This case was once before in this ‘court, and reversed. 115 Mich. 103. The evidence is substantially the same as upon the former trial.
1. That opinion very fully stated the law governing the case. The court, in its instructions to the jury, followed that opinion, and fairly submitted the case to the jury, who again rendered a verdict for the plaintiff. The principal point now urged against the judgment is that there was no evidence of negligence, because the record fails to show how the force was communicated to the passenger car in which the plaintiff was about to take his seat, or what that force was. The passenger car, with others in front of it, stood upon the main track, while the engine and the other cars were detached. Plaintiff was invited to leave the station, walk down the track, and enter it. The passengers were evidently given to understand that the train would soon leave. At that time the engine and other cars were separated from these, and the train hands were engaged in switching cars near the station. The rule that negligence cannot be inferred from the mere fact that an accident has happened does nót apply to this case. According to the testimony of the plaintiff and his witnesses, some force struck the cars in front, which caused the accident. It is a fair inference from the surrounding circumstances that the shock was caused by backing or in some manner running the cars in front against these, and that this was the work of the defendant. The, severity of the shock was evidence to justify the conclusion that this was negligently done. We think the inference was one to be drawn by the jury, and not by the court.

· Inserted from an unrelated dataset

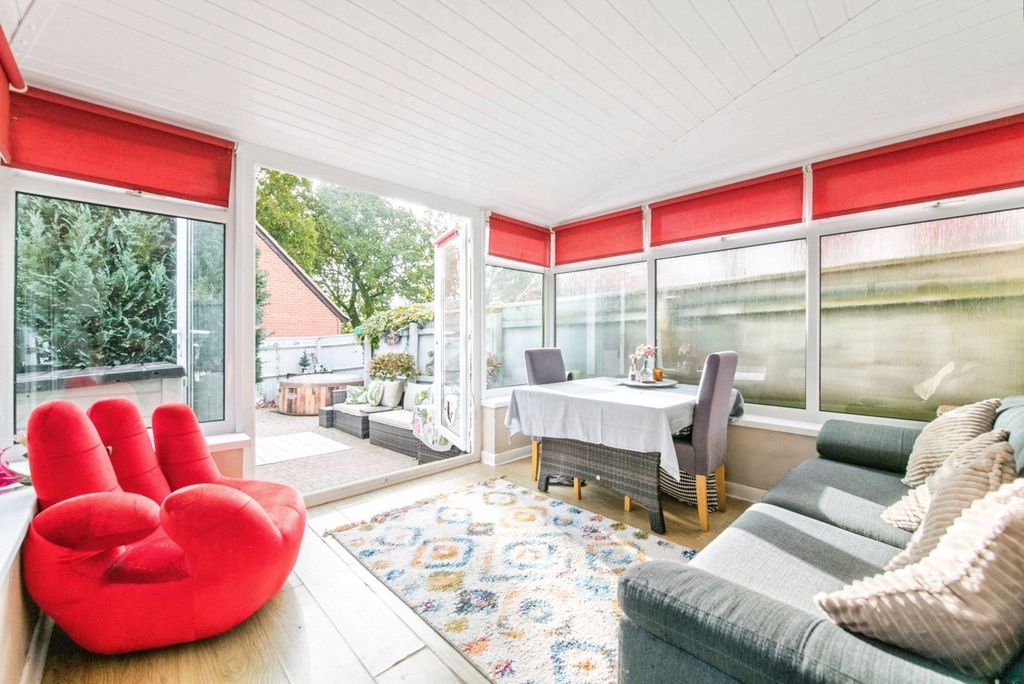 Property photo 3 of 17 Photo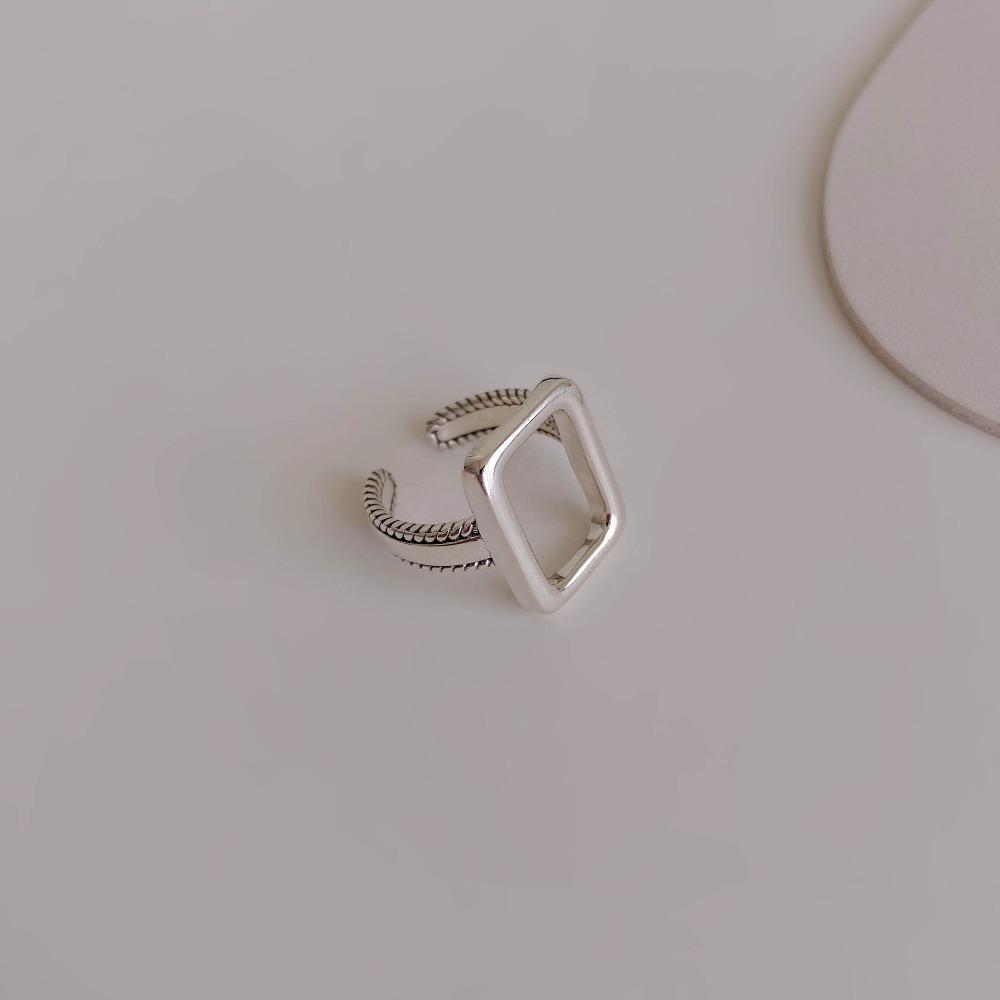 Ring Does Not Fade Niche Design Ins Opening Female High-end Sense Retro Cold Pearl Shell Versatile Irregular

2. It is again urged as a matter of law that the plaintiff was guilty of contributory negligence. This matter was fully discussed before, and the record does not present a different state of facts. Plaintiff was invited upon the *615train. It cannot be held that he was guilty of negligence per se in not looking to see whether the other cars were backing when he was invited to enter the car, or that he was guilty of negligence per se in not taking the first seat. Others were behind him, and it is difficult to understand why he had not the right to select any seat in the car he chose. When passengers are invited to enter a car, they have the right to assume that they will have time to enter and take seats before other cars are backed against it in such a manner as to endanger them while doing so.
There are other assignments of error, but we do not find in them any prejudicial error.
The judgment is affirmed.
Montgomery, Moore, and Long, JJ., concurred. Hooker, J., did not sit.